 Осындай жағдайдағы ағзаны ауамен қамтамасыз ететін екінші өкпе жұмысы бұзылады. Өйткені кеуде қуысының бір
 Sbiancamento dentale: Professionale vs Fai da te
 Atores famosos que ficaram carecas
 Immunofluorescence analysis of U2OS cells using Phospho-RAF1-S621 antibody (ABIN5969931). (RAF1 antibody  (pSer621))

+--

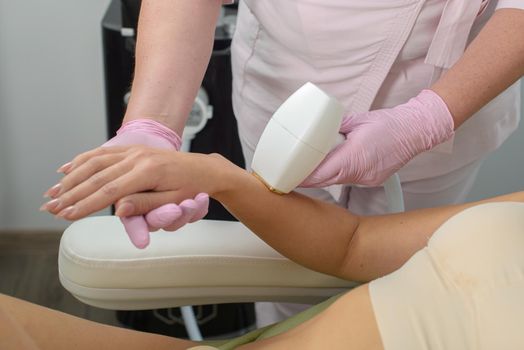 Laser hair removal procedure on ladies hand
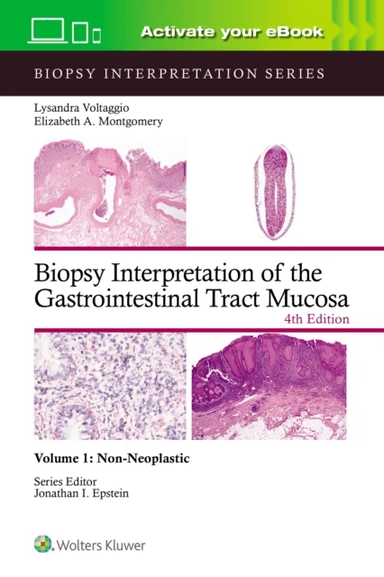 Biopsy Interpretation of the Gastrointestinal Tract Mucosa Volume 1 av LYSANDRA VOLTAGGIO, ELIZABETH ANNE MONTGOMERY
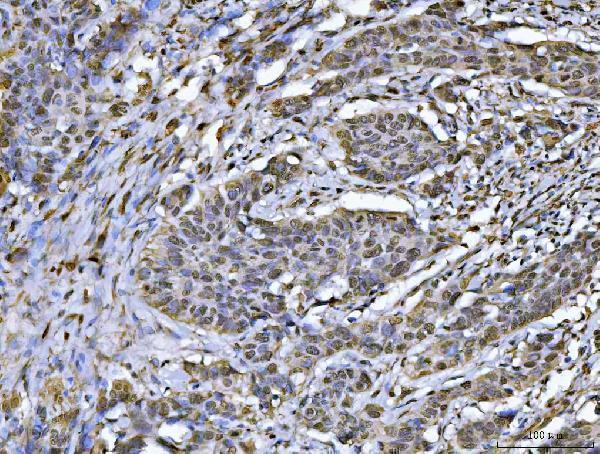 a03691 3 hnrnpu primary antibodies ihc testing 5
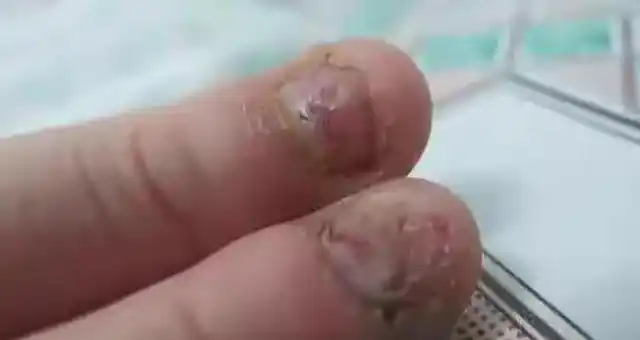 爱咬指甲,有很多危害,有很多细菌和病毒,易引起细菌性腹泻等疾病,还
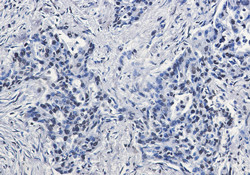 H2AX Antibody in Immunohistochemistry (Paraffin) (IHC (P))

+--

- WORK ORDER:
Copy out only the lines above from the one with "Осындай жағдайдағы ағзаны" to the one with "Immunofluorescence analysis of", inclusive, exactly as they stand.

- ANSWER BELOW:
 Осындай жағдайдағы ағзаны ауамен қамтамасыз ететін екінші өкпе жұмысы бұзылады. Өйткені кеуде қуысының бір
 Sbiancamento dentale: Professionale vs Fai da te
 Atores famosos que ficaram carecas
 Immunofluorescence analysis of U2OS cells using Phospho-RAF1-S621 antibody (ABIN5969931). (RAF1 antibody  (pSer621))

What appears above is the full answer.